#### Given information:
BEGIN
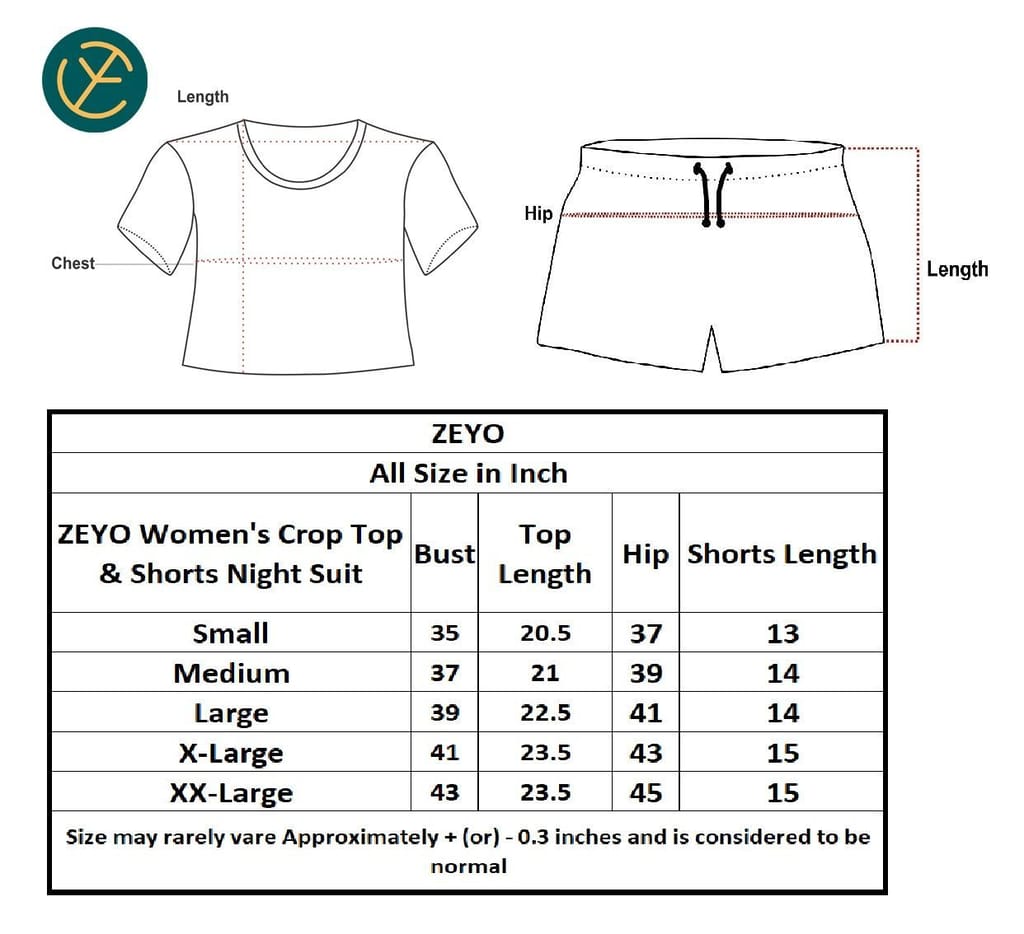 ZEYO Women's Cotton Star Printed Night Suit Set of Top & Shorts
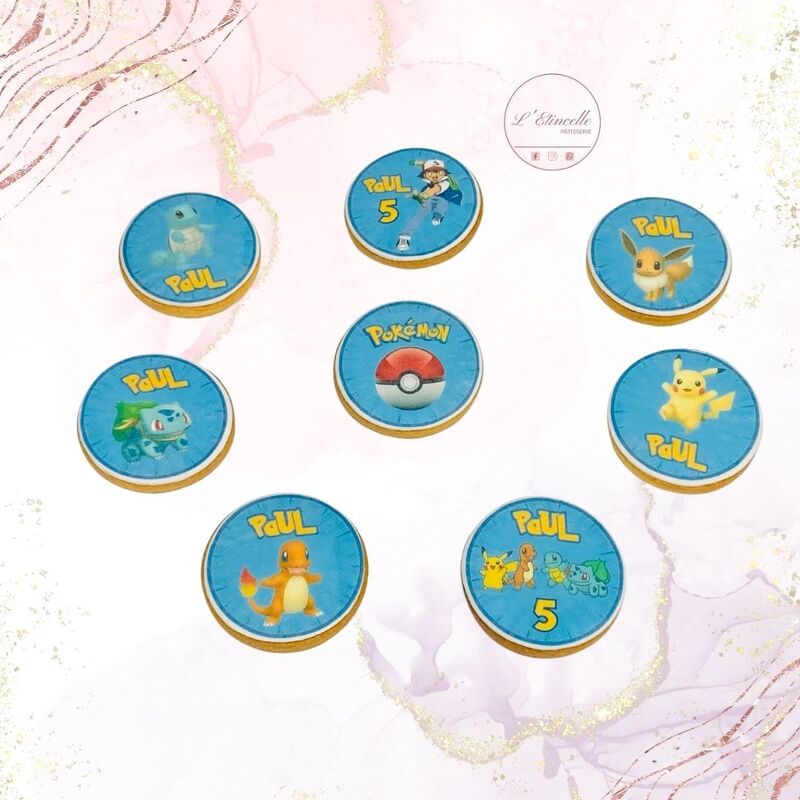 Sablés pâte à sucre et personnalisation Thème Pokemon en azyme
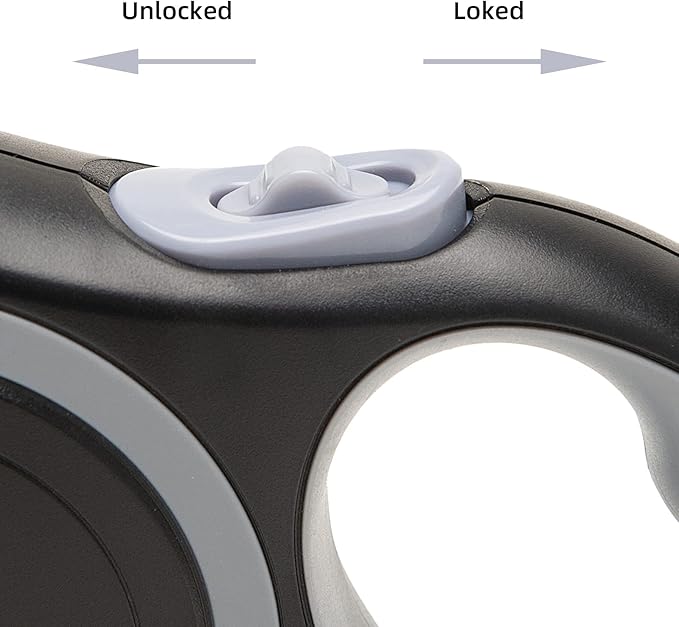 PINA Retractable Dog Leash, 16ft Dog Leash for Small Medium Dogs Up to 44lbs, 360° Tangle-Free Strong Reflective Nylon Tape, with Anti-Slip Handle, One-Handed Brake, Lock - Black Gray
END
#### What to produce:
Your task is to output the material word for word while leaving out every image.

#### Reply to the exercise:
 ZEYO Women's Cotton Star Printed Night Suit Set of Top & Shorts
 Sablés pâte à sucre et personnalisation Thème Pokemon en azyme
 PINA Retractable Dog Leash, 16ft Dog Leash for Small Medium Dogs Up to 44lbs, 360° Tangle-Free Strong Reflective Nylon Tape, with Anti-Slip Handle, One-Handed Brake, Lock - Black Gray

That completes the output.